--- Working data Enclosed Below ---
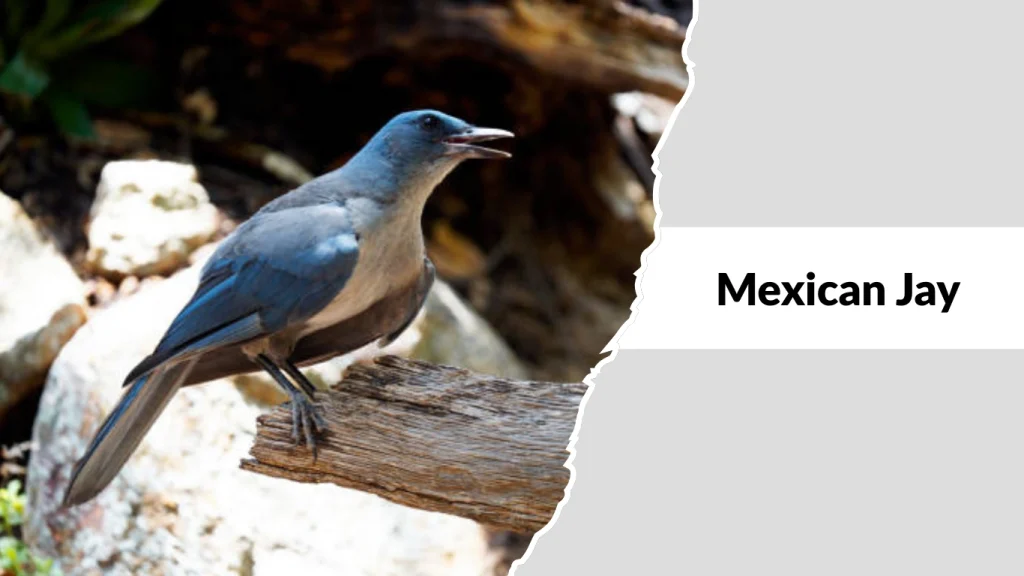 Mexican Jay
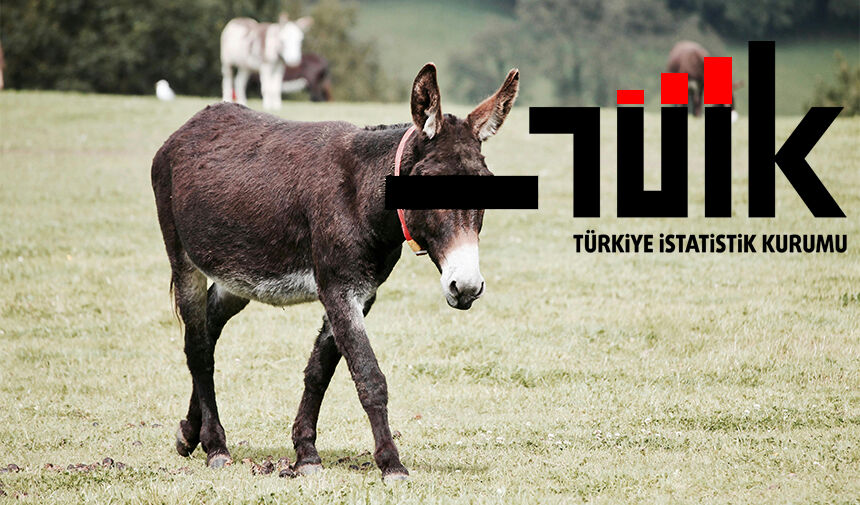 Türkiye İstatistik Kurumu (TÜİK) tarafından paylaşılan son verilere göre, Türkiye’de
--- End of Enclosed Working data ---
--- Working data Enclosed Below ---
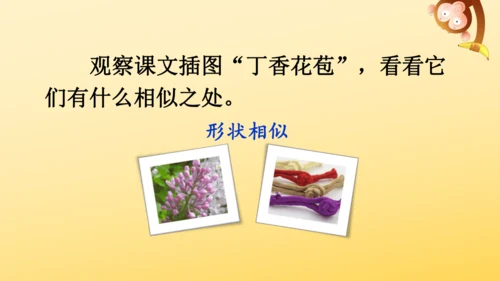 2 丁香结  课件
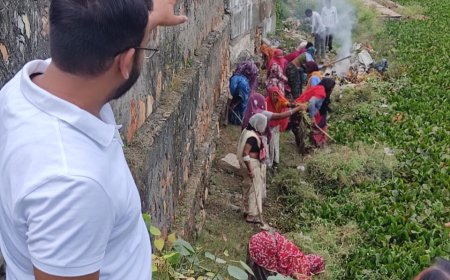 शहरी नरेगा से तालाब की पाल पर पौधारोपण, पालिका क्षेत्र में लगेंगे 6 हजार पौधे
--- End of Enclosed Working data ---
● Your instructions
Beginning at the line above that contains "Mexican Jay" and going on through the line that contains "Türkiye İstatistik Kurumu", please copy every line exactly, leaving the pictures out and adding nothing.

● Expected answer
 Mexican Jay
 Türkiye İstatistik Kurumu (TÜİK) tarafından paylaşılan son verilere göre, Türkiye’de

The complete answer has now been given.